**Data**.
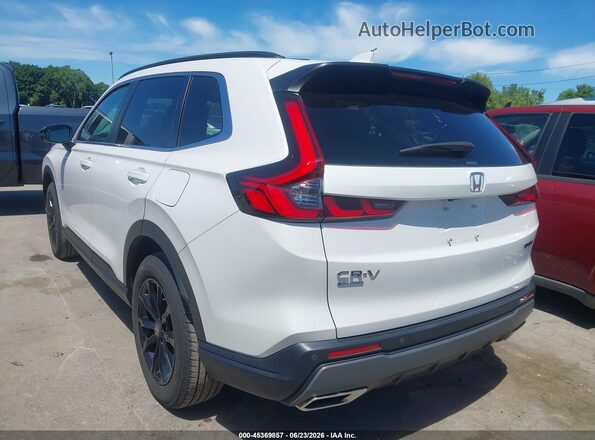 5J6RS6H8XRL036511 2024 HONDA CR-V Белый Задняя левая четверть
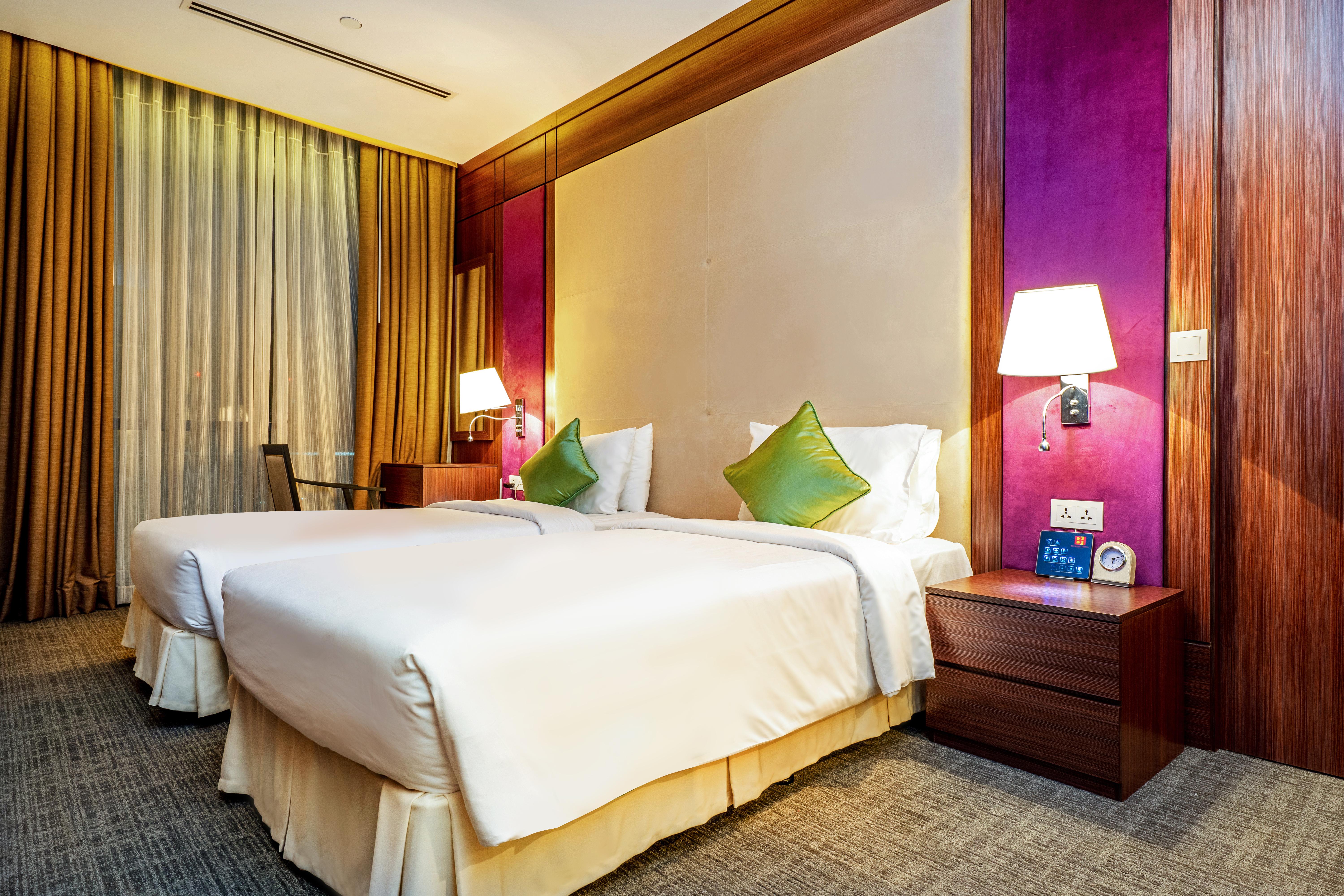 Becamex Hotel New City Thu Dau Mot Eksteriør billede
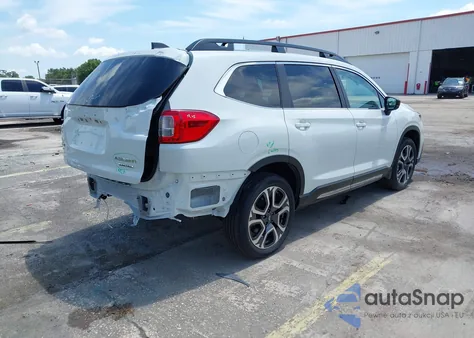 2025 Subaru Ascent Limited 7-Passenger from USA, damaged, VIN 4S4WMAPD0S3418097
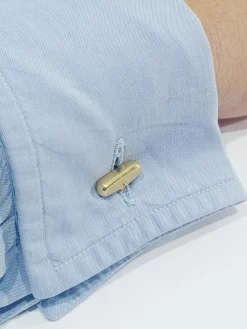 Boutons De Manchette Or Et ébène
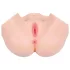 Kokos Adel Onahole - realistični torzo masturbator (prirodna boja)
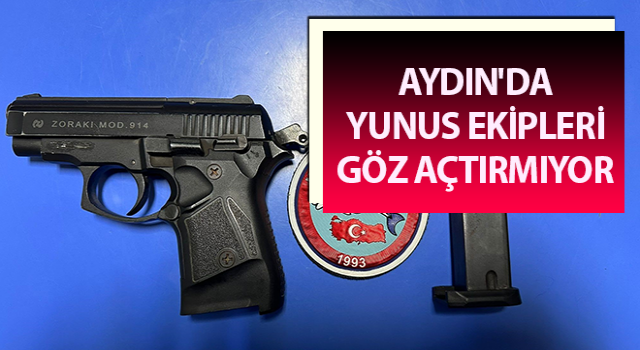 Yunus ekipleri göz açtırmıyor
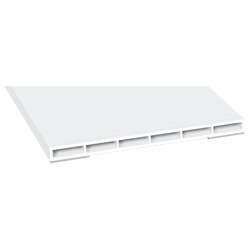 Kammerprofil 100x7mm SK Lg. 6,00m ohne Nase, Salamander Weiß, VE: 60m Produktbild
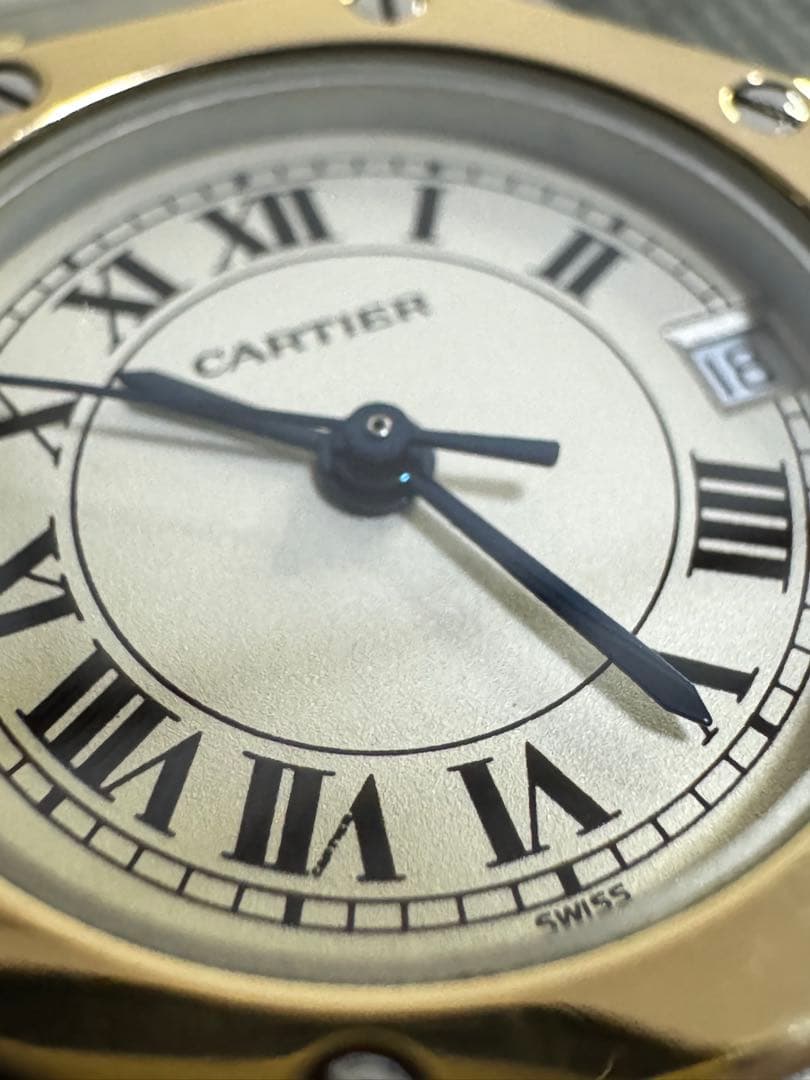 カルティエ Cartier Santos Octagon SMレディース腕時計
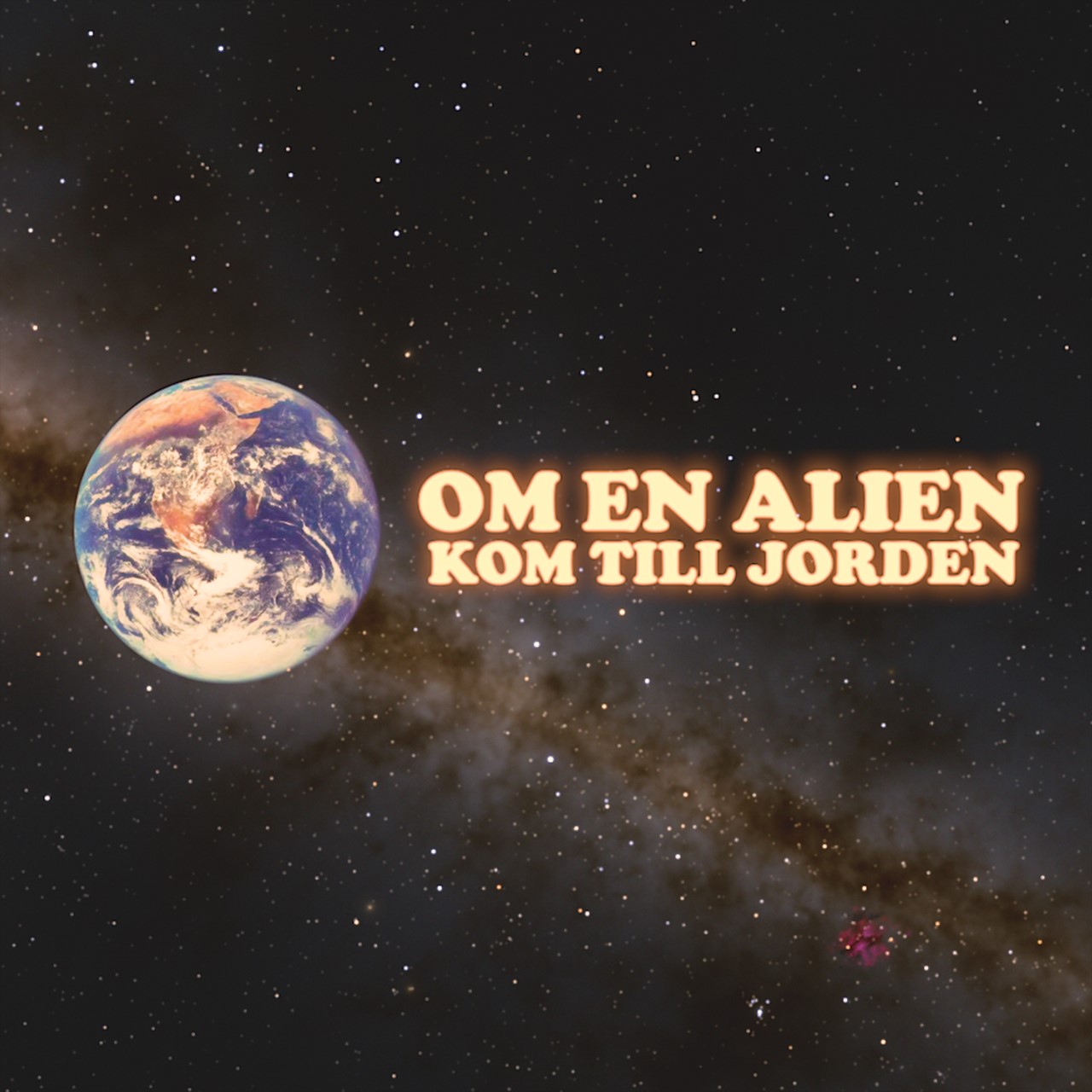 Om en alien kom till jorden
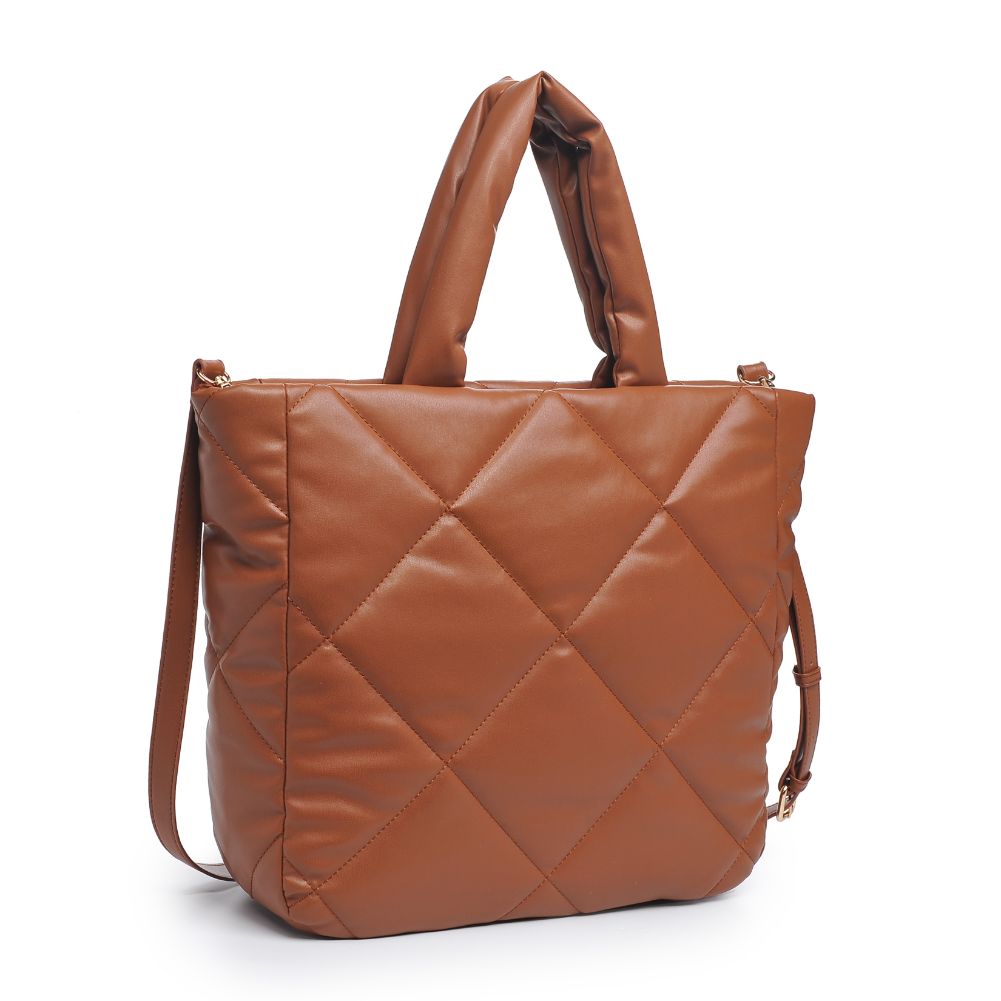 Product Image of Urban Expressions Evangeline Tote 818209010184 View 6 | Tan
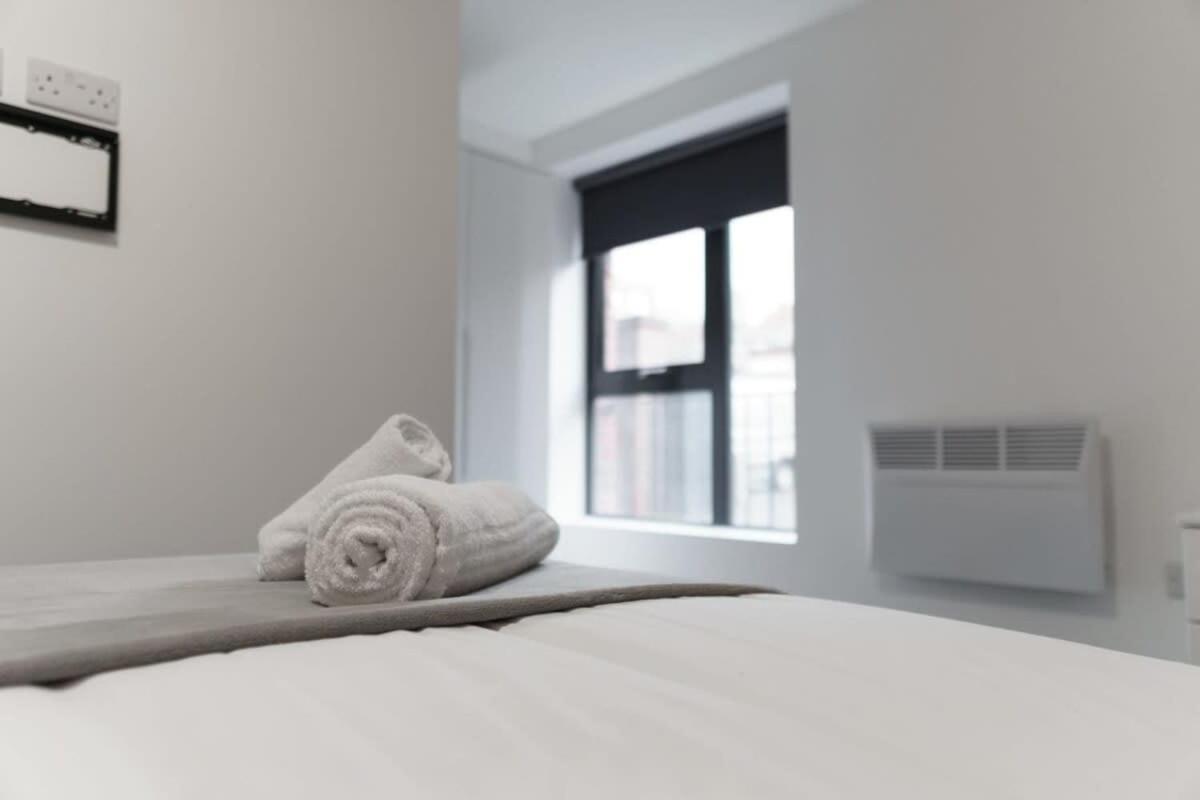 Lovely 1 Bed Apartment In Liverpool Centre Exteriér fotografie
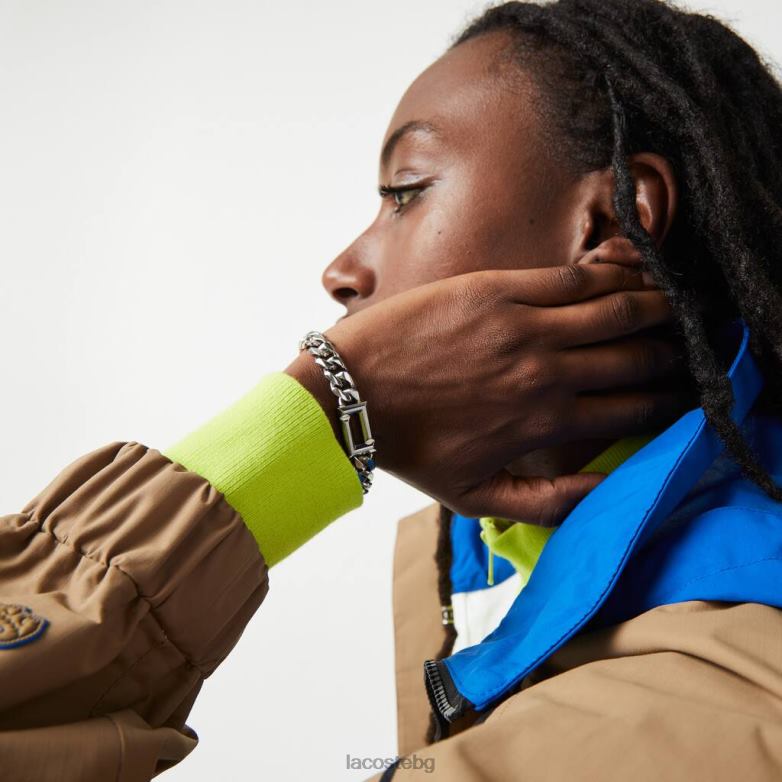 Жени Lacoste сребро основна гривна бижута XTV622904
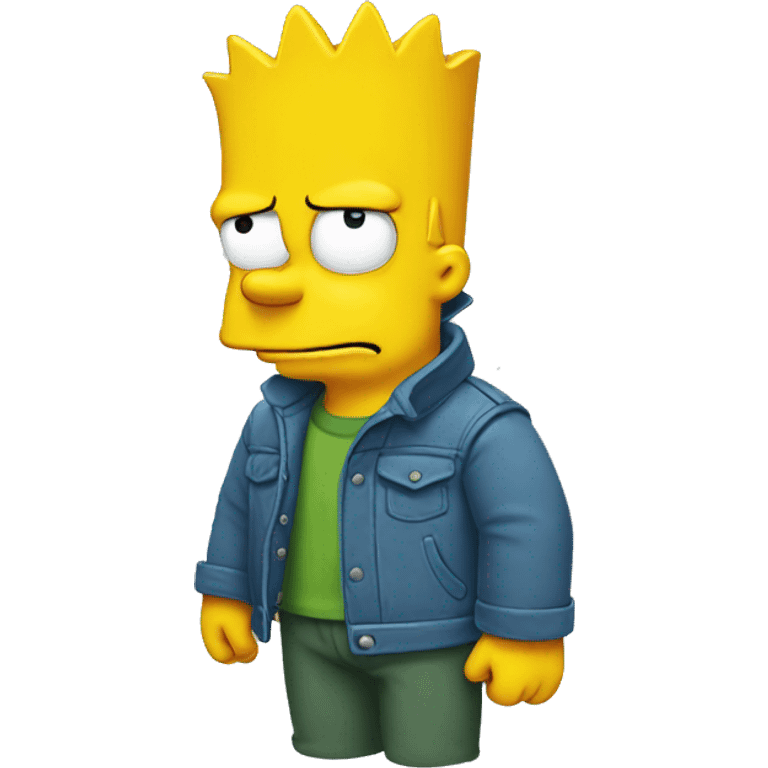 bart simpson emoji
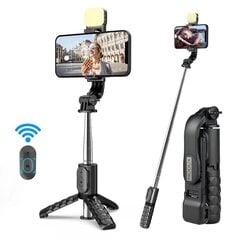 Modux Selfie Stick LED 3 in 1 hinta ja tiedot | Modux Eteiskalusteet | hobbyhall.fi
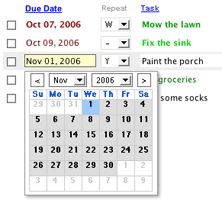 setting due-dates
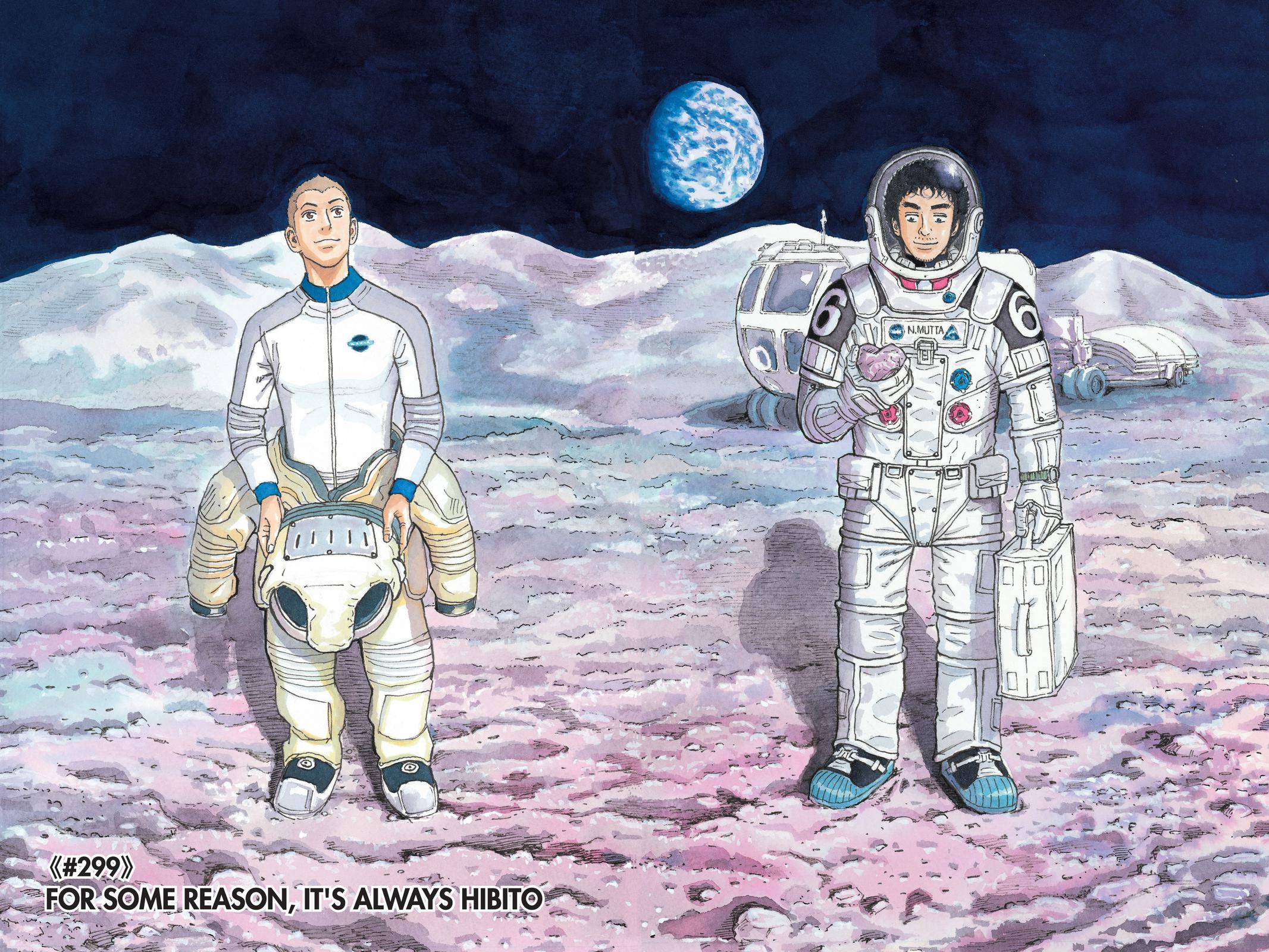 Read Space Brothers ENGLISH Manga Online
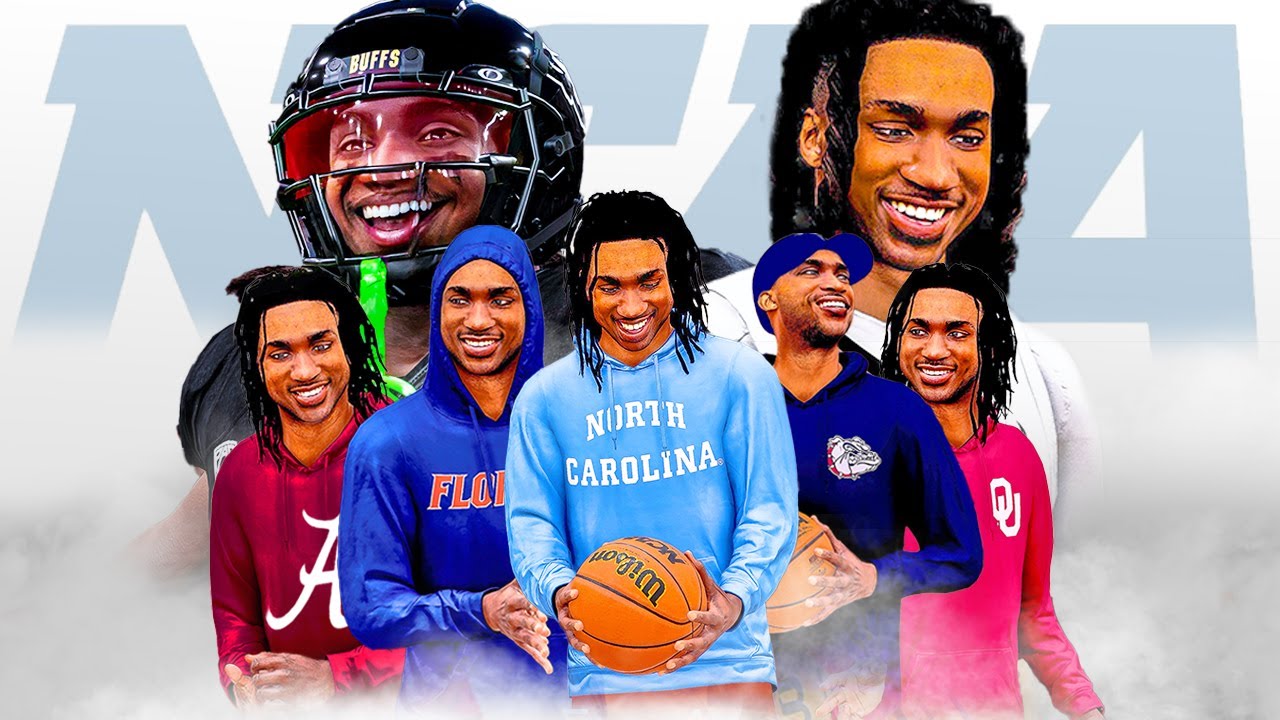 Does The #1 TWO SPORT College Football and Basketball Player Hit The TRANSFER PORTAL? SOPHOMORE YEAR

**Problem description**. Return the records above in their entirety, word for word, with the pictures removed.

**Task answer**.
 5J6RS6H8XRL036511 2024 HONDA CR-V Белый Задняя левая четверть
 Becamex Hotel New City Thu Dau Mot Eksteriør billede
 2025 Subaru Ascent Limited 7-Passenger from USA, damaged, VIN 4S4WMAPD0S3418097
 Boutons De Manchette Or Et ébène
 Kokos Adel Onahole - realistični torzo masturbator (prirodna boja)
 Yunus ekipleri göz açtırmıyor
 Kammerprofil 100x7mm SK Lg. 6,00m ohne Nase, Salamander Weiß, VE: 60m Produktbild
 カルティエ Cartier Santos Octagon SMレディース腕時計
 Om en alien kom till jorden
 Product Image of Urban Expressions Evangeline Tote 818209010184 View 6 | Tan
 Lovely 1 Bed Apartment In Liverpool Centre Exteriér fotografie
 Жени Lacoste сребро основна гривна бижута XTV622904
 bart simpson emoji
 Modux Selfie Stick LED 3 in 1 hinta ja tiedot | Modux Eteiskalusteet | hobbyhall.fi
 setting due-dates
 Read Space Brothers ENGLISH Manga Online
 Does The #1 TWO SPORT College Football and Basketball Player Hit The TRANSFER PORTAL? SOPHOMORE YEAR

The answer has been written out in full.